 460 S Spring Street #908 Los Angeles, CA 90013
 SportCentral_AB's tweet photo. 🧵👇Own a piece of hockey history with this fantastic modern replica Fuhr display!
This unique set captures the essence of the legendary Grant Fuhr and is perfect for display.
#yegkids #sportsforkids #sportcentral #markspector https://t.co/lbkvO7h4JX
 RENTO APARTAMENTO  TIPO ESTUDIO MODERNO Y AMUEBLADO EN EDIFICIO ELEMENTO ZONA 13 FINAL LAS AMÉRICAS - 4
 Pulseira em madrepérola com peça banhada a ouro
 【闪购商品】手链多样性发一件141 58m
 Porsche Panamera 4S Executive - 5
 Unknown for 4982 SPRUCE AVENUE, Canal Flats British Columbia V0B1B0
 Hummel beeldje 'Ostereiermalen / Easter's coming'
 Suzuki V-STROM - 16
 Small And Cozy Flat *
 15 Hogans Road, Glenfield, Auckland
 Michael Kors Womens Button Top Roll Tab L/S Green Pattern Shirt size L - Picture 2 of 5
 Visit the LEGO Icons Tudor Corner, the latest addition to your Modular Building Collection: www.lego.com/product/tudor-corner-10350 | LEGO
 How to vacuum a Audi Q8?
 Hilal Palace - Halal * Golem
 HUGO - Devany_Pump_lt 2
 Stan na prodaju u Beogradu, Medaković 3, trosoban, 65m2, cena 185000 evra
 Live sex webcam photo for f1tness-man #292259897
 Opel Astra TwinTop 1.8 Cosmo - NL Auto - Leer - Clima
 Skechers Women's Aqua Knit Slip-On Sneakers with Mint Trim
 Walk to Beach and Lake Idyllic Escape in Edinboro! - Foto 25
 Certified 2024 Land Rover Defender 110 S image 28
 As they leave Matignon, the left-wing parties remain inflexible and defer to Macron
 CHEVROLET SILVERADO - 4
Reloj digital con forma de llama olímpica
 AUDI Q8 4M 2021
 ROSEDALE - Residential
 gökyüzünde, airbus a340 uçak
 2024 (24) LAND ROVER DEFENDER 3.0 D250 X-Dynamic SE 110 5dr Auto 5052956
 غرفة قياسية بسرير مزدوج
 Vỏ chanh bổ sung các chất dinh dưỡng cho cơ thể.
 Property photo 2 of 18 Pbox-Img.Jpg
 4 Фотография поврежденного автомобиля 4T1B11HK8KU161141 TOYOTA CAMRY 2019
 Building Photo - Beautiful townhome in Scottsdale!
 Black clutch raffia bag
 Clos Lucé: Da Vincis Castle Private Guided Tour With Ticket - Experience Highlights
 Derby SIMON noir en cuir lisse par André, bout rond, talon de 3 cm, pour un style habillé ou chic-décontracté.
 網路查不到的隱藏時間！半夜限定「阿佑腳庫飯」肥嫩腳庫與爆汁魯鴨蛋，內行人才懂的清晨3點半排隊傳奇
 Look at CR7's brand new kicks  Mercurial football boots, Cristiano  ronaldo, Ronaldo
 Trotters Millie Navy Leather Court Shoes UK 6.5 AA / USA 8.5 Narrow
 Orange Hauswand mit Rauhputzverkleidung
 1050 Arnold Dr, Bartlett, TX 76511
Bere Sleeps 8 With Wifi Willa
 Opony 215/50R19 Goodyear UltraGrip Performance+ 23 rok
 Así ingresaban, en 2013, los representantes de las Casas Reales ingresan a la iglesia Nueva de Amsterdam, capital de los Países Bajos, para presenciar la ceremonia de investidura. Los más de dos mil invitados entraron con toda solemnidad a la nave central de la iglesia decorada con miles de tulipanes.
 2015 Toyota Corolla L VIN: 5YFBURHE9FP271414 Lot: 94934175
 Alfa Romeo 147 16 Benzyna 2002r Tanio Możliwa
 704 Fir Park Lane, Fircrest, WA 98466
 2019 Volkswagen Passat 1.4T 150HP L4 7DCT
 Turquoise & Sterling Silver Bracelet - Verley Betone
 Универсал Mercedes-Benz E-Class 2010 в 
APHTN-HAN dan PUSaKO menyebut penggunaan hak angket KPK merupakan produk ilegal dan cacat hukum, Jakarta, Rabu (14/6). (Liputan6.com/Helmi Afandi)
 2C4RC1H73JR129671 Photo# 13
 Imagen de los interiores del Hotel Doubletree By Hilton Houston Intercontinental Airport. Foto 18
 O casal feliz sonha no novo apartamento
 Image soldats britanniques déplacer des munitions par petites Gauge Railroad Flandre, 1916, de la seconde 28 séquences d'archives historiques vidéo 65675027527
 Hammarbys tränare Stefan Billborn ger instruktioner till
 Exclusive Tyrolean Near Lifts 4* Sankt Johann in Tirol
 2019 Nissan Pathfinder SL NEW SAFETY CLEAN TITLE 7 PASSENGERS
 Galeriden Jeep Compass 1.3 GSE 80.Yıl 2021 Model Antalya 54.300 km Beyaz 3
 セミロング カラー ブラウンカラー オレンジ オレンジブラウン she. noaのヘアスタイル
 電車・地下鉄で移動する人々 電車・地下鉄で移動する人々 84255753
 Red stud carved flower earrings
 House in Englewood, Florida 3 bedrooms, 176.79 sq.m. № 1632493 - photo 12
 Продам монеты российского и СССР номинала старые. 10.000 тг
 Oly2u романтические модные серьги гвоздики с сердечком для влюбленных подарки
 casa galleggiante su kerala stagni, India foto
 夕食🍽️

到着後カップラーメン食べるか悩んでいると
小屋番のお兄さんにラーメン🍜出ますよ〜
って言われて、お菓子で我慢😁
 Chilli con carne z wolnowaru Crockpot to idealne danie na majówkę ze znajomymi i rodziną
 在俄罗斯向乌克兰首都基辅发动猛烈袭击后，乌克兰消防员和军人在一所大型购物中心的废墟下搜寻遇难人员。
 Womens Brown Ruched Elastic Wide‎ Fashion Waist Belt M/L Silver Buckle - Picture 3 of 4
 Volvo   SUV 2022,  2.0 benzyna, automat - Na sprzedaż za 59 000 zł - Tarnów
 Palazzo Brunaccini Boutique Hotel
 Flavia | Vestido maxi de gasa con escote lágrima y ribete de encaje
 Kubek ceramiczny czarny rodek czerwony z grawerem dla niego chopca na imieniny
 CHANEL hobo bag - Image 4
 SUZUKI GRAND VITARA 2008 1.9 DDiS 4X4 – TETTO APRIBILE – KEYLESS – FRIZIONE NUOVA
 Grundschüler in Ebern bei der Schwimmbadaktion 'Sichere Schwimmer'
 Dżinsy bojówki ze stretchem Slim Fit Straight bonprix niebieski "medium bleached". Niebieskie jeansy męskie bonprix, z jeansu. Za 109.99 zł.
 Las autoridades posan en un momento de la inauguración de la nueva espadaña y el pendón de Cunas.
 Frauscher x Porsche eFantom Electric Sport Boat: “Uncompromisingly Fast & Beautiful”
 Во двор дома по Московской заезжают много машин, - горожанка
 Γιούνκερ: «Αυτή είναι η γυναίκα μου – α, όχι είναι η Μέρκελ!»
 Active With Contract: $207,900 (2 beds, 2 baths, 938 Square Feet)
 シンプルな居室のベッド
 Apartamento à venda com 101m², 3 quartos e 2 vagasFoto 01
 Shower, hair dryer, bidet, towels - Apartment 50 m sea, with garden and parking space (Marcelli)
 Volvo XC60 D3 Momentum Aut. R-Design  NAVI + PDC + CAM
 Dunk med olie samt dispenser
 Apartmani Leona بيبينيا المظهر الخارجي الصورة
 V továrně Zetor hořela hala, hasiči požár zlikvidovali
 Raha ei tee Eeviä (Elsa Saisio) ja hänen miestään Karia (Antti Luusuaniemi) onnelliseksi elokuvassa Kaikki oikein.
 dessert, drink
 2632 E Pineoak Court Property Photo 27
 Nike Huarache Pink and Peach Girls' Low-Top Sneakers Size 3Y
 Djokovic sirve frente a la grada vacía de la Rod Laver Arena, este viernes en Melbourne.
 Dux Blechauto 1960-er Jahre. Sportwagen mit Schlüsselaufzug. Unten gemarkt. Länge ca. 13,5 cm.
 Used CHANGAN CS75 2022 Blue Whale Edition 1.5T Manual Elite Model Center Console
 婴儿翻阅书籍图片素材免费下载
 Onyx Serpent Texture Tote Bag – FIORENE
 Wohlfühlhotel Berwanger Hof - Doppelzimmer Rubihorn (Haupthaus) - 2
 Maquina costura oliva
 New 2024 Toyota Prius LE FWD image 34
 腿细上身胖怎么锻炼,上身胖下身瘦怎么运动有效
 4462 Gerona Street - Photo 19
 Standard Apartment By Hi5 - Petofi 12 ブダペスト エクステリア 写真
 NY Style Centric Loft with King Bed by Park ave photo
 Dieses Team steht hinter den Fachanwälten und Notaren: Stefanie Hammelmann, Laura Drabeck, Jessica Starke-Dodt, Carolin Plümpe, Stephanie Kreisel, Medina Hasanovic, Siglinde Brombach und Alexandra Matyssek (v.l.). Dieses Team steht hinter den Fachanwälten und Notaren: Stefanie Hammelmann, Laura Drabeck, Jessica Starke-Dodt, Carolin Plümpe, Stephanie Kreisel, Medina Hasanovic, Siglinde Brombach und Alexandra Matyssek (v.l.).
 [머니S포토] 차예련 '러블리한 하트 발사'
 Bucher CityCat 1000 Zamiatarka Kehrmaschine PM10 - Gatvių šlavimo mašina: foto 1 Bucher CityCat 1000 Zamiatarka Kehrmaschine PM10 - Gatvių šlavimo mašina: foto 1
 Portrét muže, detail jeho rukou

**********

PROBLEM TO WORK ON → Return only the stretch of the material above from the line holding "dessert, drink" through the line holding "Dux Blechauto 1960-er", copied exactly.

YOUR RESPONSE →
 dessert, drink
 2632 E Pineoak Court Property Photo 27
 Nike Huarache Pink and Peach Girls' Low-Top Sneakers Size 3Y
 Djokovic sirve frente a la grada vacía de la Rod Laver Arena, este viernes en Melbourne.
 Dux Blechauto 1960-er Jahre. Sportwagen mit Schlüsselaufzug. Unten gemarkt. Länge ca. 13,5 cm.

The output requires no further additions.